American Tire Distributors
🧠 How a Data Fabric Gets Snow Tires to a Store When You Need Them
“We were losing sales because the store owners were unable to answer the customers’ questions as to when exactly they would have the product in stock,” said Ehrar Jameel, director of data and analytics at ATD. The company didn’t want frustrated customers looking elsewhere. So he wanted to create what he called a “supply chain control tower” for data just like the ones at the airport.

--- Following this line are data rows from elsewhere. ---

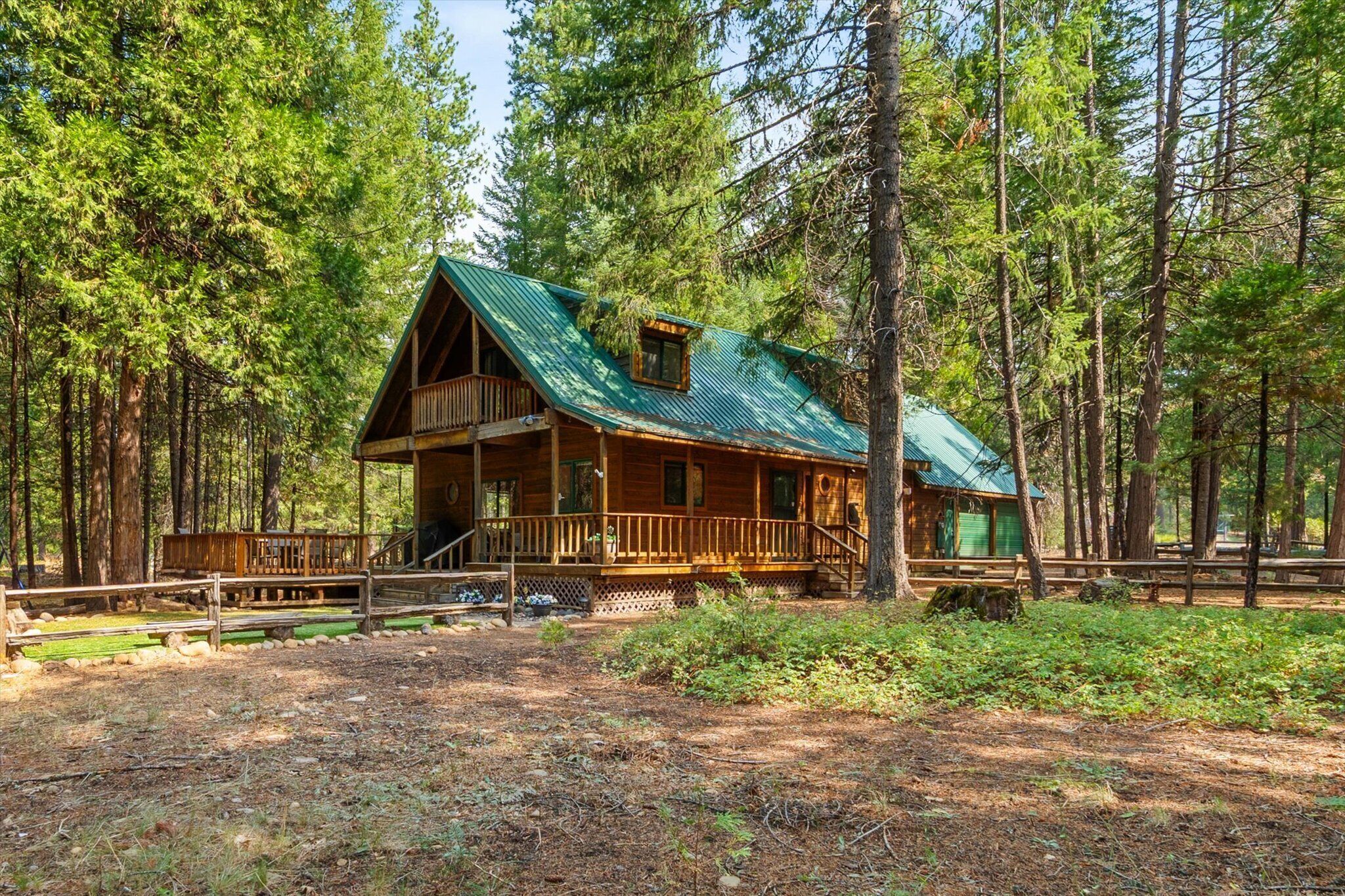 A wooden cabin with a green roof, surrounded by tall pine trees.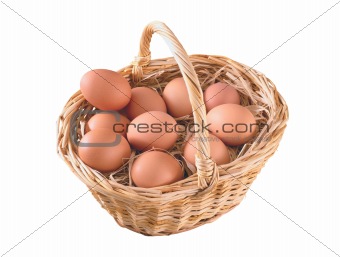 Group of brown hen's eggs in the braided basket isolated on whit
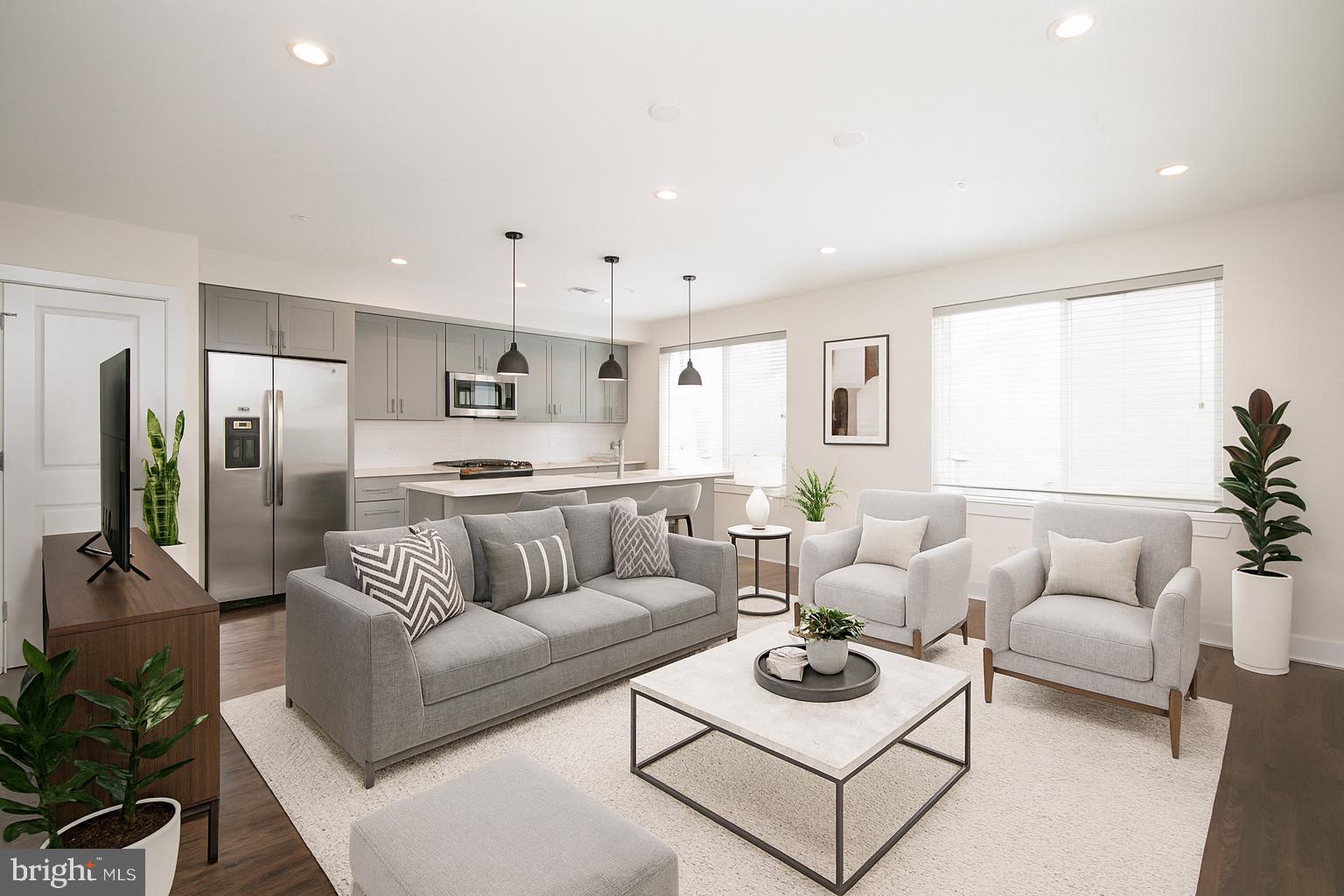 a living room with furniture white walls and white walls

“I wanted to give a single vision, a single pane of glass for the business, to just put in a SKU number and be able to see where that product is in the whole supply chain —not just the supply chain, but in the whole value chain of the company. ATD turned to Promethium, which provides a virtual data platform automating data management and governance across a distributed architecture with a combination of data fabric and self-service analytics capabilities.
It’s built on top of the open source SQL query engine Presto, which allows users to query data wherever it resides. It normalizes the data for query into an ANSI-compliant standard syntax, whether it comes from Oracle, Google BigQuery, Snowflake or wherever. It integrates with other business intelligence tools such as Tableau and can be used to create data pipelines. It uses natural language processing and artificial intelligence plus something it calls a “reasoner” to figure out, based on what you asked, what you’re really trying to do and the best data to answer that question.